"Mehmet Oz" is one name that the average American may not exactly think of when he or she tries to conjure the image of the country's next Secretary of Health and Human Services. After Tom Price offered to resign from his position, the next question that arose in media reports was fairly simple: Who will replace Price? According to reports, in addition to several names (a few you might have already guessed), television personality and surgeon Oz might be the Health and Human Services secretary. Emphasis on "might." Given the lack of predictability emanating from Trump's administration, it is somewhat hard to say for sure who will be Price's successor.
To make sense of reports involving a possible future Secretary Oz, it's worth recalling how exactly the short list came to be. Former Health and Human Services secretary Price found himself stuck in the crosshairs of the American public's growing resentment toward his rather opulent method of traveling.
Reports indicated that Price had apparently made us of private jets for business trips. The former secretary is currently under investigation for using private planes that apparently covered remarkably short distances like that between Philadelphia and Washington. A short trip like that may sound brief in terms of time but the financial expenditure to cover such gallivanting is stunningly high.
To replace Price, names like Oz's are presently circulating in Washington's tense air. Oz is no stranger to Trump either; the president appeared on the surgeon's show last year, where he talked about maintaining his health on the 2016 presidential campaign. Interestingly enough, Oz proclaimed that he would not ask Trump any "pointed" questions during his appearance.
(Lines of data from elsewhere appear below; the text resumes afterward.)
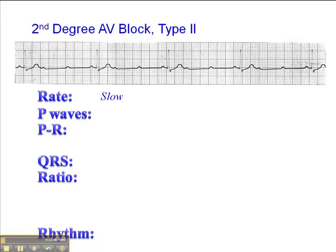Transcutaneous pacing is considered the gold standard for a hemodynamically unstable second-degree AV block type 2. So the heart rate is a little bit concerning typically.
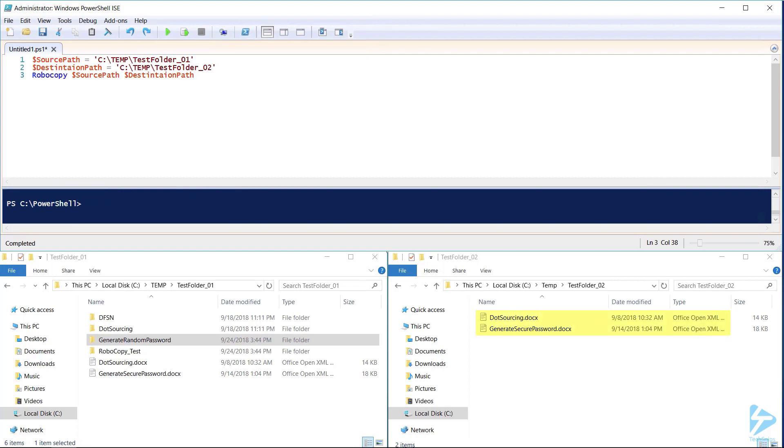Robocopy quickly moved all of our files to the destination directory. You'll notice however that it only moved the files located in the source location root and did not move any of the folders or subfolders or files.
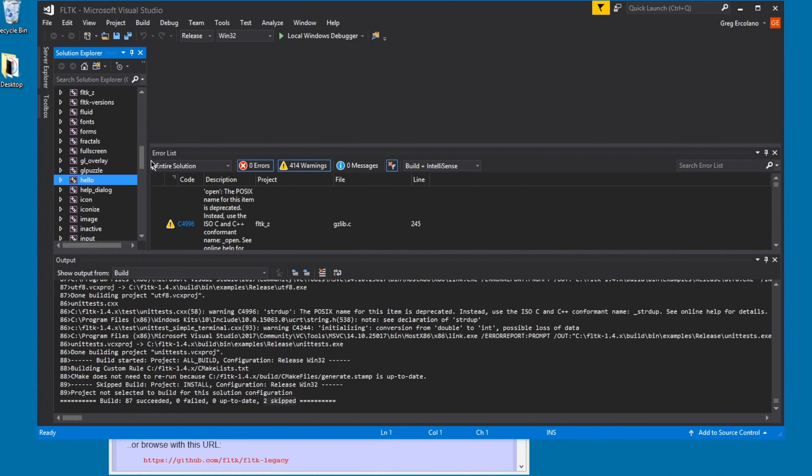In the next segment, I'll show how to build a new program from scratch, and compile it against this version of FLTK.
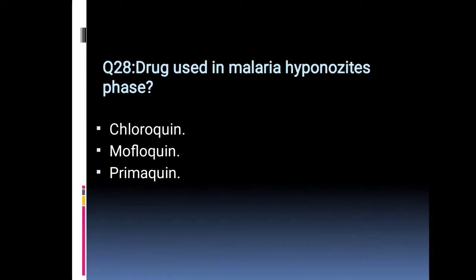Drugs used in malaria hypnozoite phase: that is chloroquine, mefloquine, or primaquine?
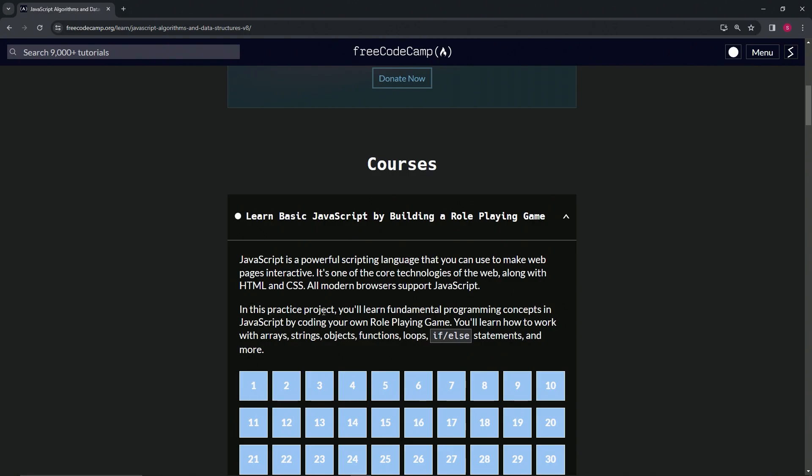In this practice project, we're going to learn the fundamental programming concepts in JavaScript by coding our own role-playing game. We'll learn how to work with arrays, strings, objects, functions, loops, if-else statements, and more.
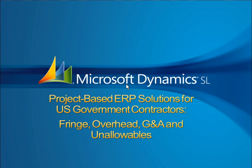Microsoft Dynamics SL is a project-based ERP solution that provides government contractors with accounting, project management, billing, materials management, and reporting capabilities to help meet their DCAA compliance needs, as well as provide them with the flexibility to help grow their businesses.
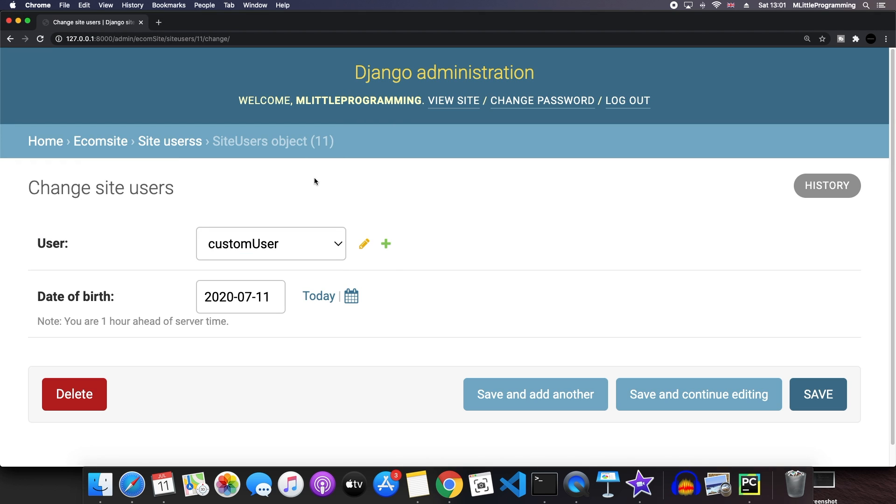So I hope this video helps any of you that are struggling with creating a custom user in Django. If you've got any questions, drop a comment down below. I'll put a link to the GitHub repo of this project in the description down below. Other than that, if you could drop a like on the video, it would be much appreciated and have a great day.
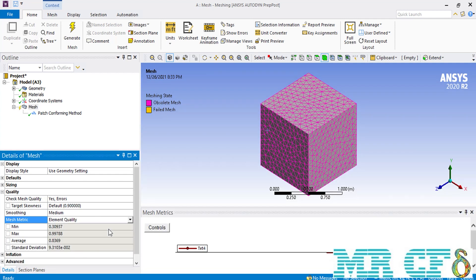As you change the mesh metric from none to for example element quality, underneath it some different options will appear: minimum, maximum, average and standard deviation.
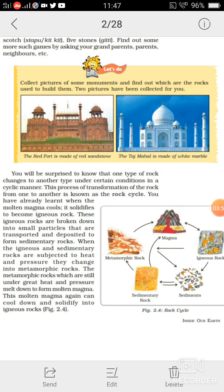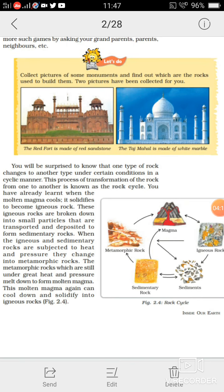When the igneous and sedimentary rocks are subjected to heat and pressure, they change into metamorphic rocks. Jab yeh sedimentary rocks ya igneous rocks pe severe pressure aur heat par jaati hai, toh yeh metamorphic rocks mein change ho jaati hain — ek aur qisam ki rock. Isi tarah se metamorphic rock mein change ho jaati hain.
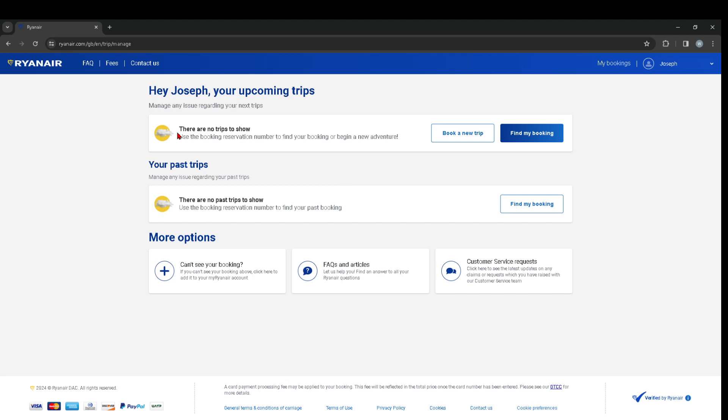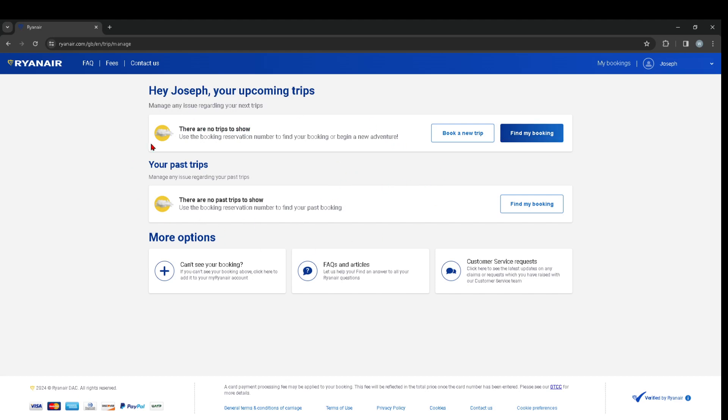In my case I haven't booked any so it's not appearing anything, but yeah there are no trips to show as you can see it here. You can also book a new trip or find my booking. So in general, you should see your bookings right in this tab if you have any, so there shouldn't be a problem.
"I’m not going to ask [Trump] questions he doesn’t want to have answered, and I also don’t want to talk about anybody else," Oz said. The "anybody else" in the doctor's statement was an indirect reference to Hillary Clinton, Trump's Democratic rival in last year's presidential race.
Prior to Trump becoming the president of America, Oz claimed that his invitation for Trump to appear on his show was to understand what Trump's health could mean for the nation as a whole. "I don’t want to talk about things that are outside of the health purview. But I do not believe we can have a wealthy country without being a healthy country," Oz said. "I do think people want to understand," he went on, "what happens to my health care if Trump is elected, and more importantly, what kind of role model is he for health in our country."
As mentioned before, it's difficult to say whether Oz has a substantive chance to become the country's Secretary of Health and Human Services. Over the past few years, the surgeon has been a target of some intense criticism from fellow surgeons and physicians who take issue with Oz's methods when it comes to diets and nutrition. But the TV personality, who rose to popularity after his appearance on The Oprah Winfrey Show, continues to enjoy a loyal following from his fans.
In addition to Oz, other names are being circulated for the next Secretary of Health, including former Louisiana governor Bobby Jindal, Florida governor Rick Scott, administrator of Centers for Medicare and Medicaid Services Seema Verma, House Republican Marsha Blackburn, and a few more.
Regardless of whoever becomes the next Secretary of Health and Human Services, it is clear that Price's departure from the department left a lesson behind and that is, as observers have noticed, Trump values impressive "optics" over principle. That is, looking better is more important than doing better.
The president explained why he agreed with Price's exit, "I don't like the optics. We're renegotiating NAFTA, we renegotiating so many things and making much better deals. You'll be seeing other things come up. So, I don't like to see somebody that perhaps there's the perception that it wasn't right."